Why do marginal images exist? Before the traditional form of the book emerged in manuscript form, ideas and events were codified onto scrolls. Because they were one continuous roll of material it was necessary to create divisions between the text and the margin was the most practical and aesthetically pleasing solution. Medieval scholars would have to justify the text by hand in order to enhance the aesthetic quality. Books of Hours are a common example of both monastic writing and the marginal image. Their purpose was to aid people's daily prayers; often only including the first lines of certain prayers, hymns and excerpts from the Bible, in particular the Psalms. Although originally for members of the clergy and the monastic community, the wealthier classes started commissioning them to improve their status.

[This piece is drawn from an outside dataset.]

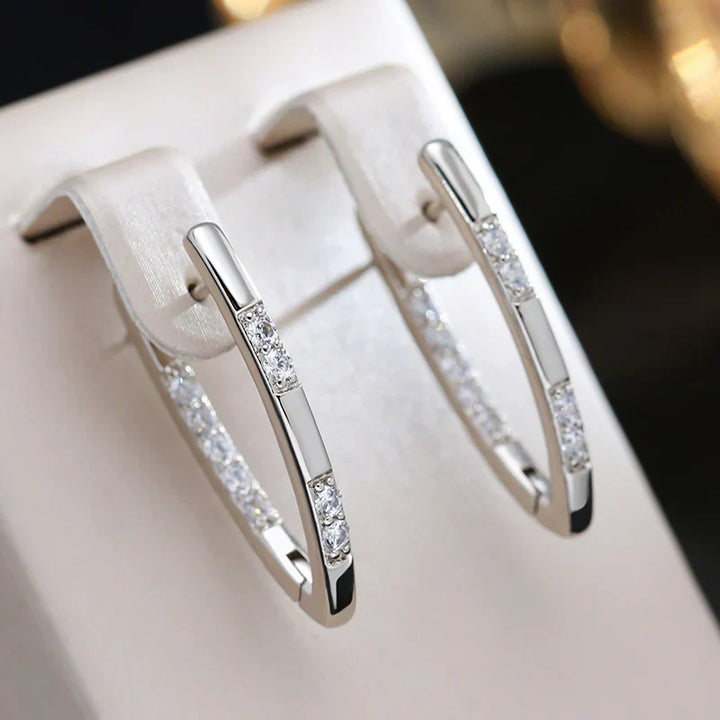 Elegant cubic zirconia earrings in gold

Marguerite's Hours is a particularly useful example - a central image shows the three Magi at Bethlehem, one points to a star. In the margin we see the patron kneeling outside the central space, she cannot enter as it is holy. Around are monkeys or babewyns (this term covers all composite creatures) and they reflect the actions of those in the central image. Camille discusses the origin of their presence: in French ape is le singe, very close to le signe. Monkeys therefore signify representation itself. Their presence also pertains to the mind of a courtier - neither a profane or sacred state of mind reflects their life at court. Marguerite is focussing her attention on the holy space but is still in the ‘carnival' margin. At first glance the marginal images seem incoherent next to the central ones. Camille suggests that the images were a verbal and visual fashion for elite audiences[1]. He also explains that margins only became an area for art when text as a cue for speech was replaced by text as a written document for its own sake. Marginal imagery became more important due to this different use of text - words needed to be recognised more easily leading to a reduced elaboration of the initials. Camille suggests that the often comical nature of the images originates from the large-scale production of the texts - mistakes were bound to occur and the illuminators took advantage of this. In the Ormesby Psalter, Camille shows that people ‘enjoyed ambiguity'[2] as it is easier to enjoy and respect the sacred when it can be contrasted with the profane. For example, there is a nun in the Psalter who is used to represent the lack of celibacy in monasticism. She should be like the Virgin Mary yet she suckles a monkey, the singe, making the image a monstrous sign of the nun's human sin.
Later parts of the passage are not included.